Prompt: Return exactly the lines from the one containing "Ipanema Women's Mesh" through the last line of the records below, both included, and leave out any pictures.

Top of Entries provided

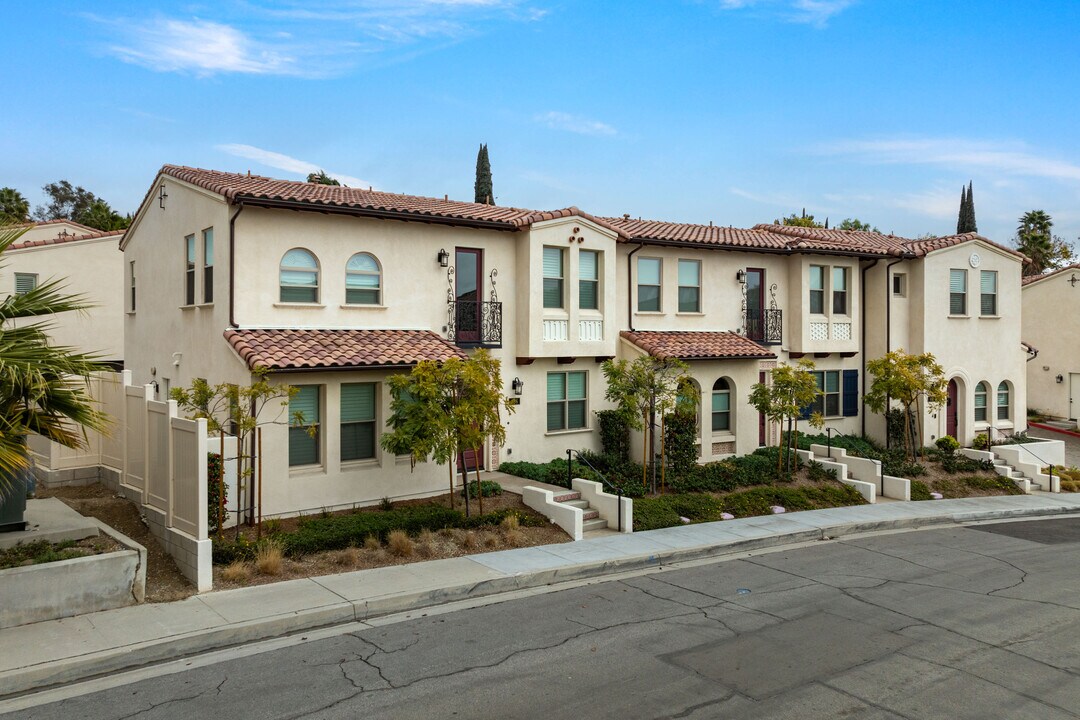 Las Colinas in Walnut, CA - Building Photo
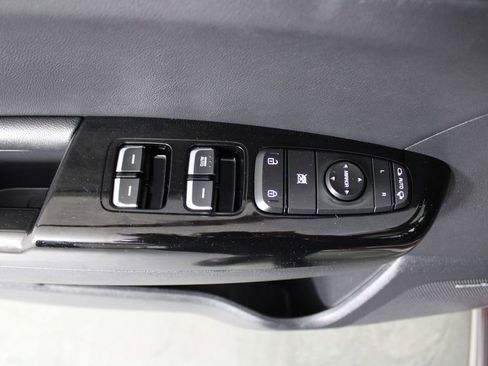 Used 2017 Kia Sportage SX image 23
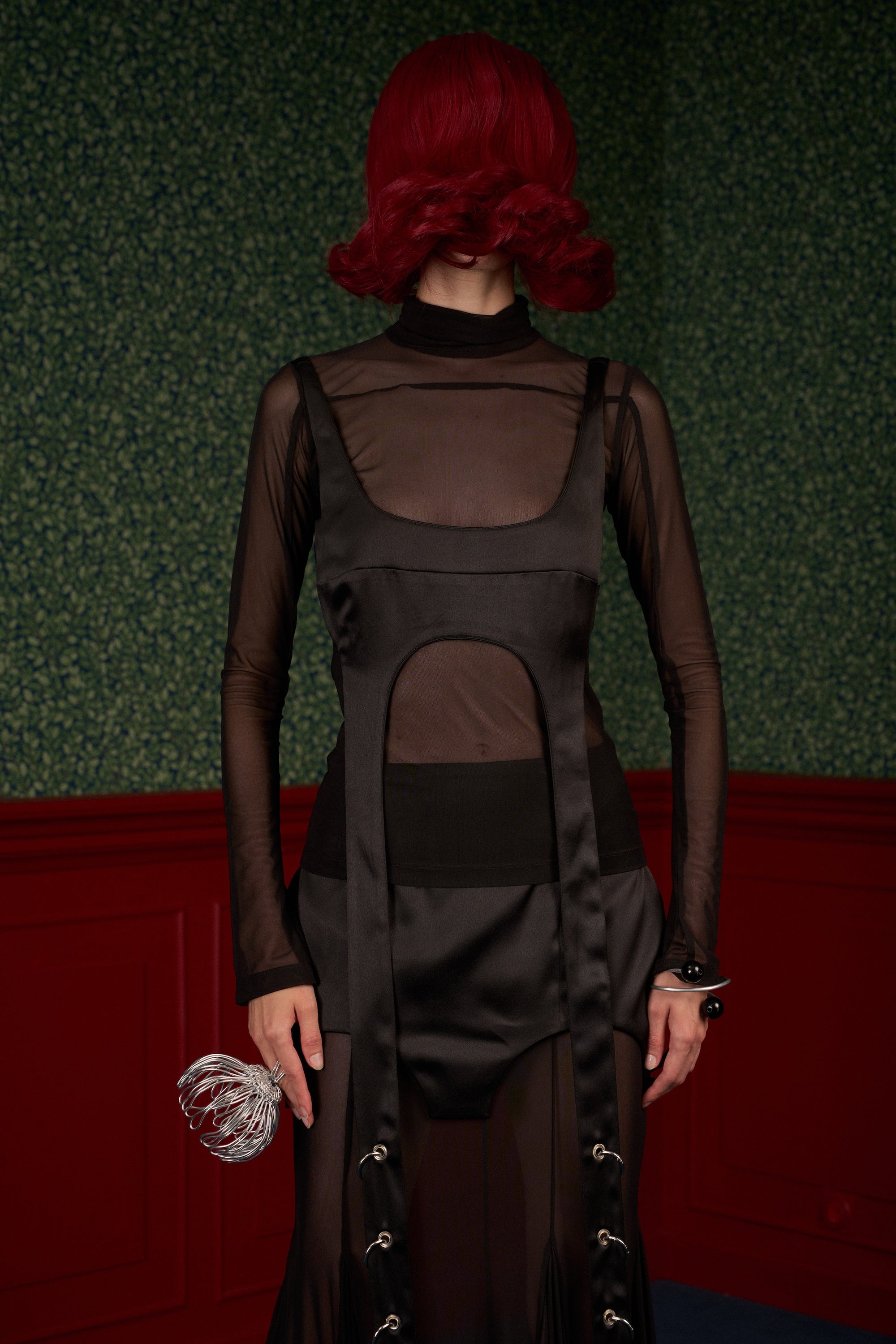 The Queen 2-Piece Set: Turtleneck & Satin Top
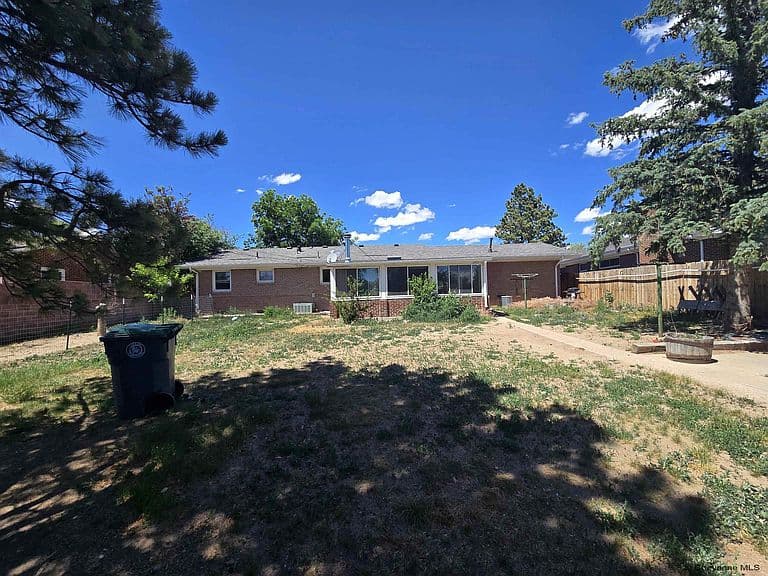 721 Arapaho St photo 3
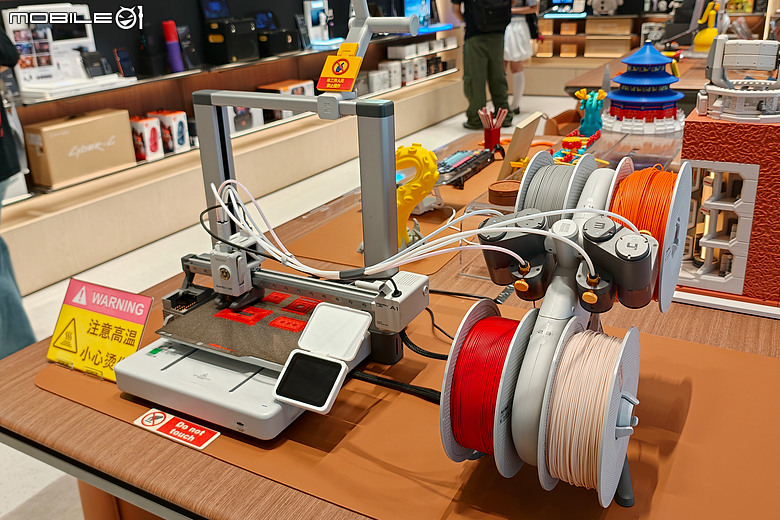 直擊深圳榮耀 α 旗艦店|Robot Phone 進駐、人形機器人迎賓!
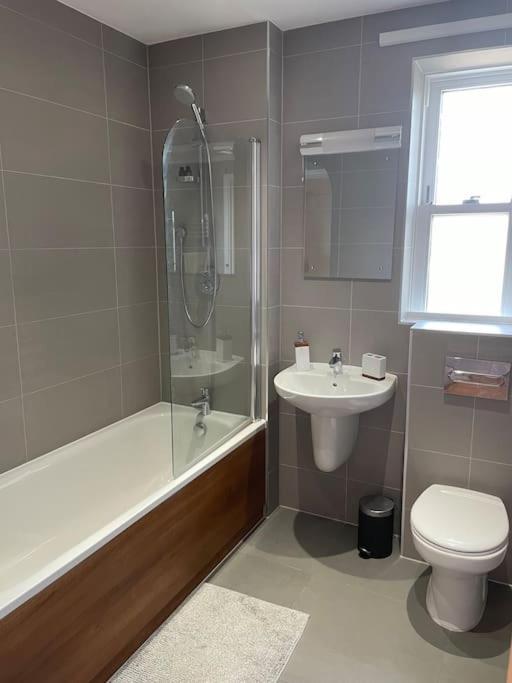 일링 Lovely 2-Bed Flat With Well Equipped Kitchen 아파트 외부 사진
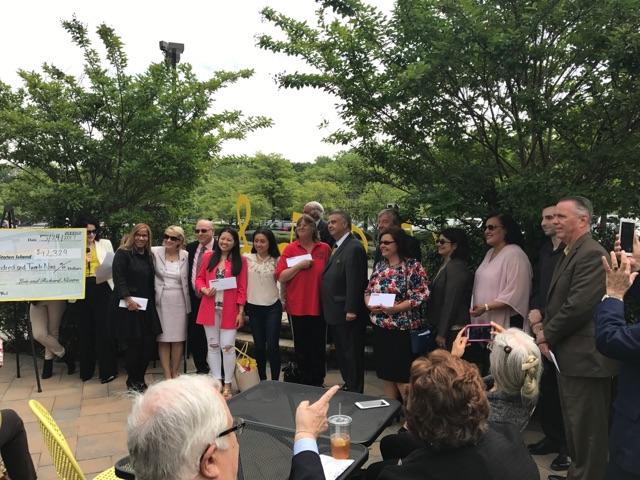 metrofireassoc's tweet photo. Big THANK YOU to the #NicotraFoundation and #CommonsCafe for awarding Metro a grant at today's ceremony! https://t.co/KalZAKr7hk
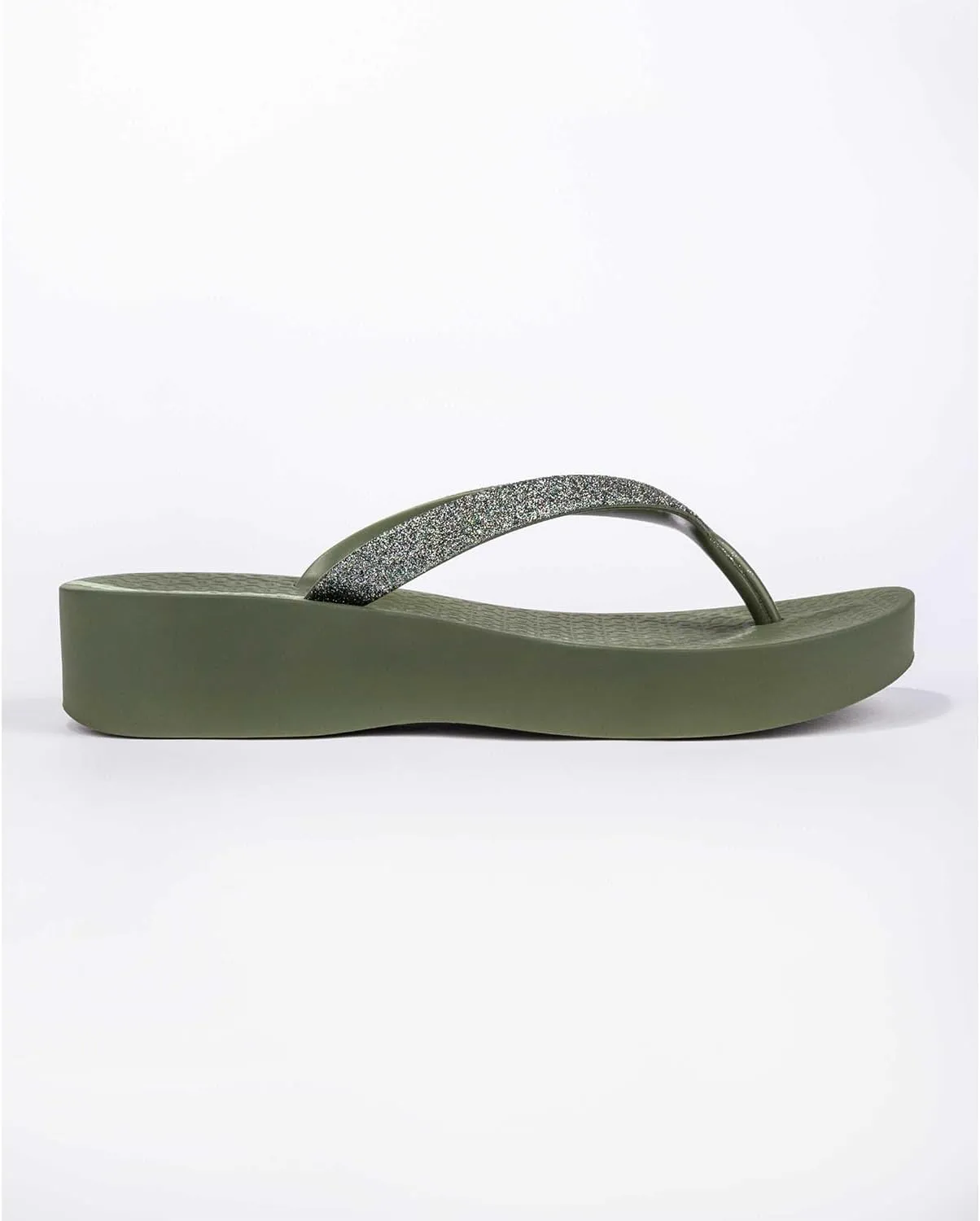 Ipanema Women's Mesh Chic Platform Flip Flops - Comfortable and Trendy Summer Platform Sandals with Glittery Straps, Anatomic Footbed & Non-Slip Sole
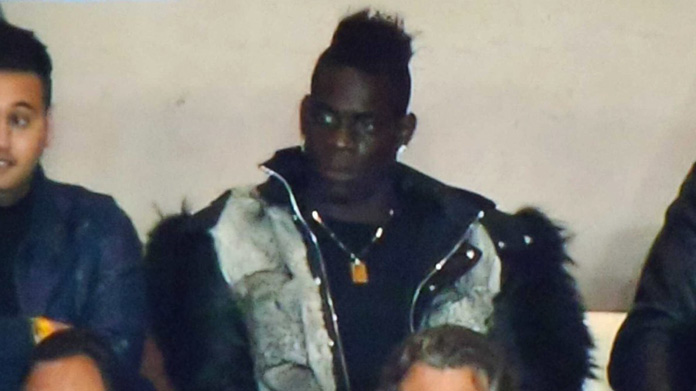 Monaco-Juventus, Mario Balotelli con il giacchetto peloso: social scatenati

Bottom of Entries provided

Output for this exercise:
 Ipanema Women's Mesh Chic Platform Flip Flops - Comfortable and Trendy Summer Platform Sandals with Glittery Straps, Anatomic Footbed & Non-Slip Sole
 Monaco-Juventus, Mario Balotelli con il giacchetto peloso: social scatenati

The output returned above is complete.